Generally, however, Yellen emphasized the labor market’s cumulative progress and voiced only measured concern about Friday’s report, which revealed that just 38,000 jobs were added in May, a nearly six-year low. The Labor Department also revised down its estimates of April employment additions to 123,000.
“Although this recent labor market report was, on balance, concerning, let me emphasize that one should never attach too much significance to any single monthly report,” Yellen said in a speech at the World Affairs Council of Philadelphia. She noted that other key labor market indicators, such as initial jobless claims, remain low.
Yellen pointed out the economy added an average 230,000 jobs a month in 2015, and the unemployment rate has fallen to 5 percent from 10 percent in 2009.
Meanwhile, she said, wage growth is picking up, the pace of job openings hit a record high in March, and the number of Americans switching jobs is near prerecession levels.
“If incoming data are consistent with labor market conditions strengthening and inflation making progress toward our 2 percent objective, as I expect, further gradual increases in the federal funds rate are likely to be appropriate,” she said.
But she didn’t provide a timetable, a retreat from her remarks in late May that a favorable economy likely would lead to a rate increase “in coming months.”

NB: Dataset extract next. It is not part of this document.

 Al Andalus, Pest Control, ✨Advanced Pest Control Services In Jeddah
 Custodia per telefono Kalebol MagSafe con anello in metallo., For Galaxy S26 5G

“Recent signs of a slowdown in job creation bear close watching,” she said.
“Unfortunately, as I noted earlier, new questions about the economic outlook have been raised by the recent labor market data,” Yellen said. “Is the markedly reduced pace of hiring in April and May a harbinger of a persistent slowdown in the broader economy? Or will monthly payroll gains move up toward the solid pace they maintained early this year and 2015?”
Some economists have said the Fed likely will want to see at least two solid employment reports before lifting rates.
Yellen’s mixed assessment probably means a July rate hike is still on the table but economic data “will likely need to bat a thousand for that to occur,” economist Michael Feroli of JPMorgan Chase says.